▶ YOUR OBJECTIVE
Your answer should be the lines below from the one holding "Crowley Lake Current" through the one holding "A shark lying upside down on a beach", copied exactly and with nothing else.

▶ DATA EXTRACT
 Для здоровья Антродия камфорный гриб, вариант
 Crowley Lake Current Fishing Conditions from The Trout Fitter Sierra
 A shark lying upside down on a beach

...

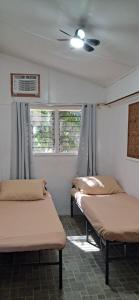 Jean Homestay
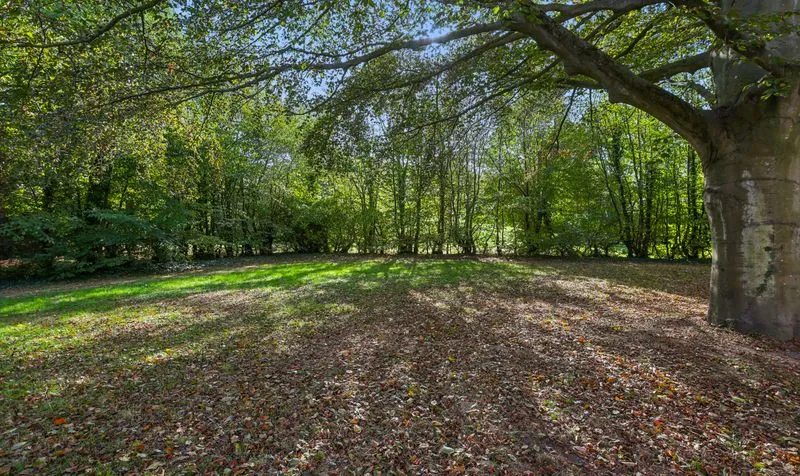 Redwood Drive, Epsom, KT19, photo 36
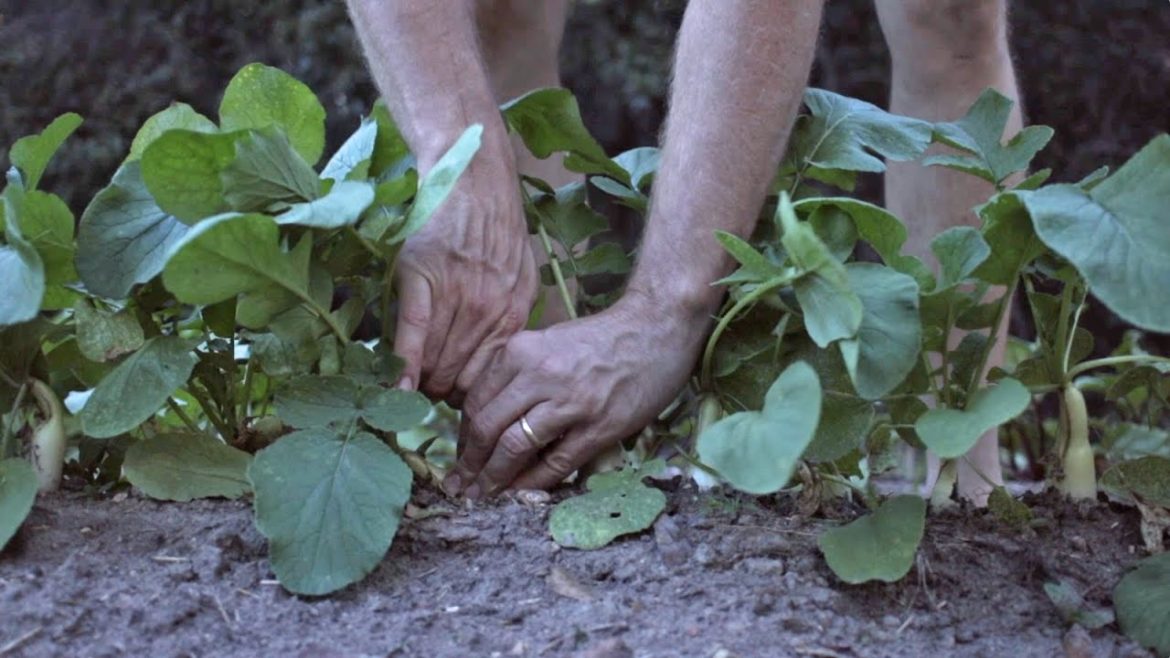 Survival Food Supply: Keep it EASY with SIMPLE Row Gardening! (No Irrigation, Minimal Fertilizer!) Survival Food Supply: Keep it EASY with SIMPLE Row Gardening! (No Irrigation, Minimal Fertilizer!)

▶ OUTPUT OF THE TASK
 Crowley Lake Current Fishing Conditions from The Trout Fitter Sierra
 A shark lying upside down on a beach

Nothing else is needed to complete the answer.